Lorsqu’ils sont opposés aux extrêmes, j’appelle à voter pour ceux qui, de la gauche social-démocrate, écologistes et communistes, à la droite libérale et conservatrice, au-delà de différences réelles et assumées, ont en commun l’attachement à la liberté, à l’ordre dans les comptes publics et dans la rue, au respect de l’État de droit. Je considère par conséquent qu’aucune voix ne doit se porter sur les candidats du Rassemblement national ni sur ceux de la France insoumise avec lesquels nous divergeons, non pas seulement sur des programmes, mais sur des valeurs fondamentales.

Édouard Philippe, maire du Havre et président du parti Horizons, le 30/06/2024

Sur le fond, Édouard Philippe fait le pari que le RN n’est pas en mesure d’obtenir la majorité absolue. Il peut s’offrir le luxe, croit-il, d’excommunier LFI de l’arc républicain. Geste qui pourrait rallier à lui une partie des décombres de LR. Dans un communiqué, ces derniers ont en effet déclaré qu’ils ne donnaient pas de consigne de vote. Sans doute, parce que cet aréopage n’a plus ni cap ni boussole.

D’autres stratèges de la macronie se montrent plus prudents. En l’état, analysent-ils, si le RN dépasse la majorité absolue, ce sera d’une courte tête, de 10 à 20 sièges. Cette faible marge les autoriserait à pratiquer un désistement au cas par cas. Pas de souci concernant les socialistes, les écologistes ou les communistes.

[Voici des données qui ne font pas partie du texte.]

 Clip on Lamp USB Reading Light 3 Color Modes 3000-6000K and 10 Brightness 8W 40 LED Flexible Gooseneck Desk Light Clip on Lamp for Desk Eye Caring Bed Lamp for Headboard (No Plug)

Le bon insoumis et le mauvais insoumis

Mais quand il s’agit de LFI, il y a le bon insoumis et le mauvais. Comment les reconnaître ? C’est un peu comme dans l’immortelle parodie des Inconnus sur les chasseurs. Vous savez la galinette cendrée qui s’épanouit dans le Bouchonnois. La seule espèce pour laquelle Aymeric Caron ne se mobilisera pas, puisqu’elle n’existe pas.

Sur le plateau de TF1, hier soir, François Bayrou au terme d’un propos assez brumeux, a indiqué qu’il regarderait “circonscription par circonscription”. C’est à peu de chose près la position exprimée ce matin par Yaël Braun-Pivet.

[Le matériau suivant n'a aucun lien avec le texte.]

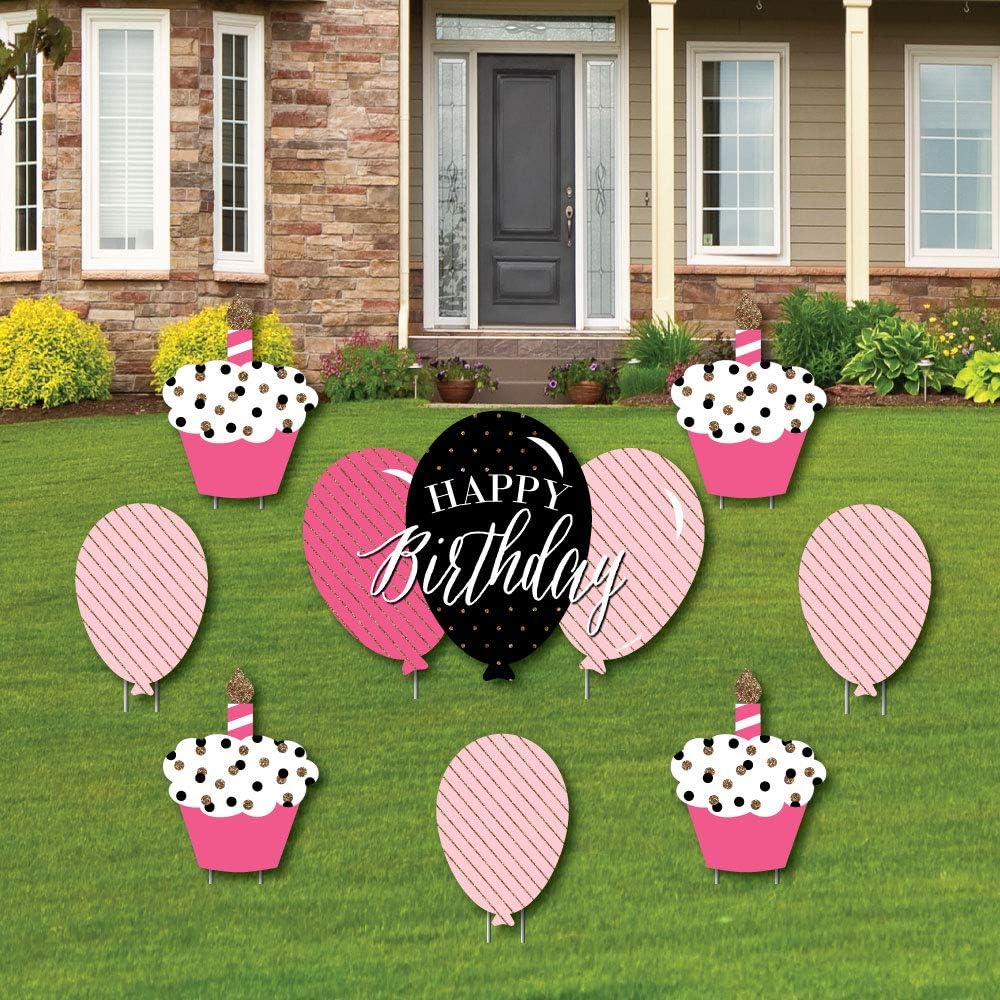 Amazon Com Chic Happy Birthday Pink Black And Gold Yard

Concernant le bloc de gauche, je considère que l’immense majorité du bloc de gauche est républicaine donc on peut sans aucune difficulté appeler à voter pour eux et c’est ce que je fais, pour les écologistes, les socialistes, les communistes. Et au sein de la France insoumise, je fais le distinguo. Je ne traite pas de la même façon Caroline Fiat et monsieur Guiraud. Caroline Fiat est une grande républicaine et une aide-soignante humaniste. De l’autre côté j’ai quelqu’un qui n’adhère pas aux valeurs de la République et qui exprime des idées antisémites.

Yaël Braun-Pivet, députée sortante Renaissance, le 1/07/2024

Du côté du Rassemblement national, on cherche à tout prix à rassurer les électeurs. Le RN se présente désormais comme le protecteur des droits et des libertés. Au train où vont les choses, Marine Le Pen et Jordan Bardella vont entrer au Panthéon de leur vivant, tant ils ne sont que mesure et tempérance. Un fleuve de miel, on vous dit.

En ces jours qui viennent, gardez-vous de ceux qui en usant d’une peur injsutifiée ou de menaces inventées vouraient uniquement faire perdurer un système qui a failli et a vécu. Aucun Français, je dis bien aucun Français ne perdra de droits. Au contraire. Les droits seront garantis et dès lors que la situation le permettra de nouveaux seront créés au bénéfice de chacun.

Marine Le Pen, députée RN, le 30/06/2024

A toutes les Français, à tous les Français, je veux dire que je serai toujours le garant de vos droits, de vos libertés et de notre devise républicaine, celle qui unit tout le peuple de France dans une même promesse : liberté, égalité, fraternité.

Jordan Bardella, député européen RN et président du RN, le 30/06/2024

Sidéré par la dissolution au soir des Européennes, le pays a repris son souffle. Jamais sans doute, dans l’histoire de la Ve République, même en mai 1968, un scrutin n’est apparu aussi capital. Pour se débarrasser d’Emmanuel Macron, de nombreux Français sont prêts à sauter dans l’inconnu. On ne saurait trop leur conseiller de regarder chez nos voisins européens. L’Italie et la Hongrie sont aujourd’hui gouvernés par l’extrême droite. En Finlande et en Slovaquie, celle-ci participe à des gouvernements de coalition. Ces pays se portent-ils mieux aujourd’hui ? Pas vraiment. Et ceux qui espéraient que leur vie s’améliore déchantent déjà. Ils n’ont pris que leurs yeux pour pleurer.